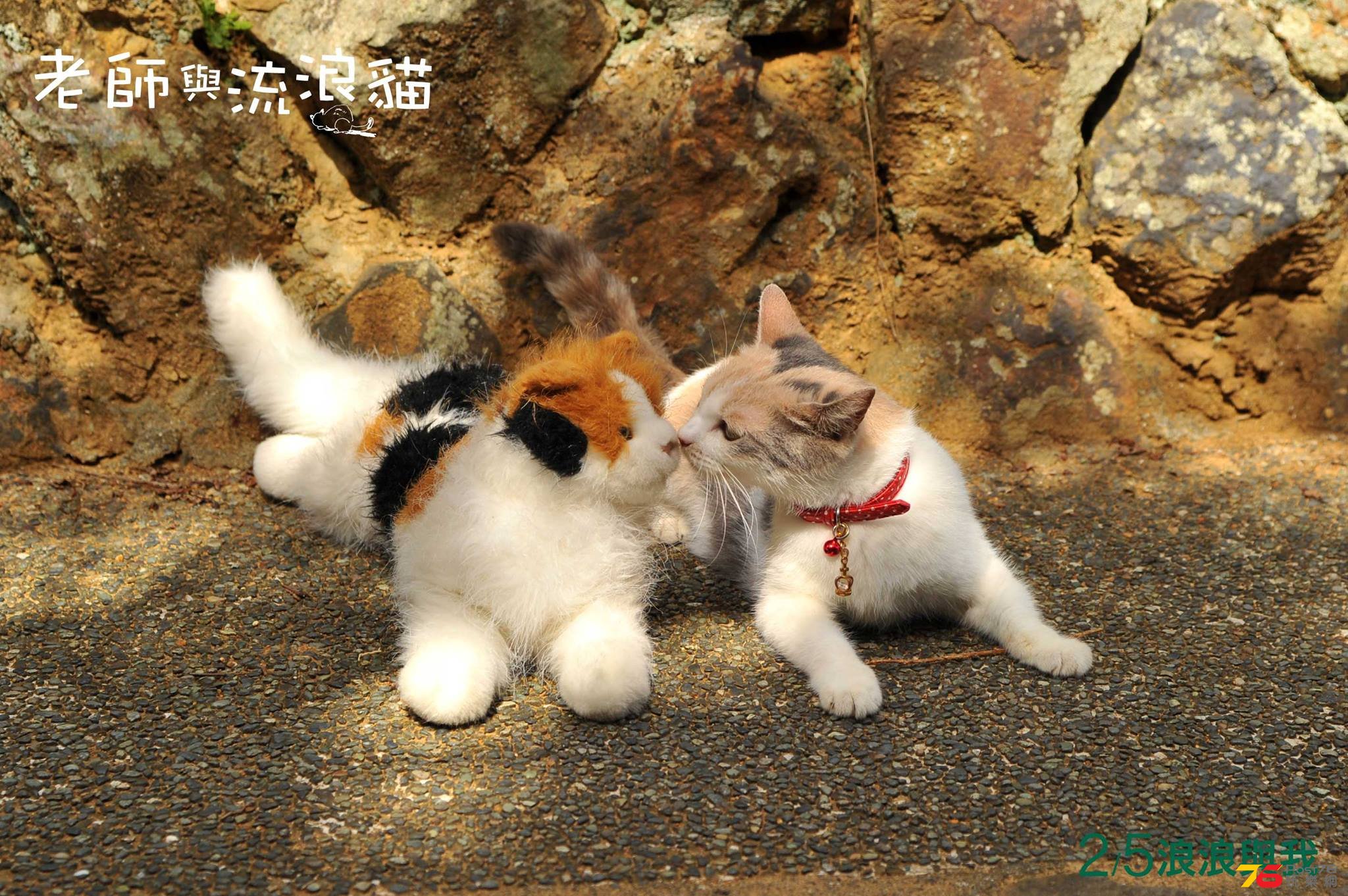 老師與流浪貓3.jpg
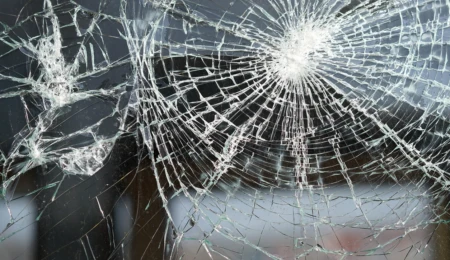 About rioters, mayors, judges, politicians, and our human brain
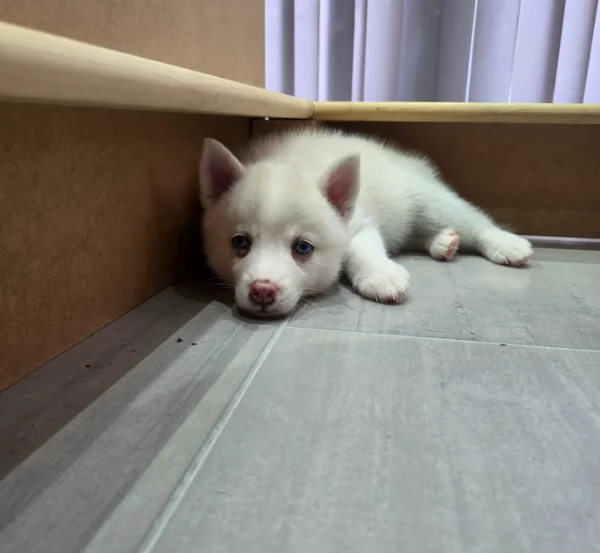 dolcissimi cuccioli di Husky per adozione | Foto 2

━━━━

TASK BRIEF: Drop the images; restate the listing exactly.

WRITTEN SOLUTION:
 老師與流浪貓3.jpg
 About rioters, mayors, judges, politicians, and our human brain
 dolcissimi cuccioli di Husky per adozione | Foto 2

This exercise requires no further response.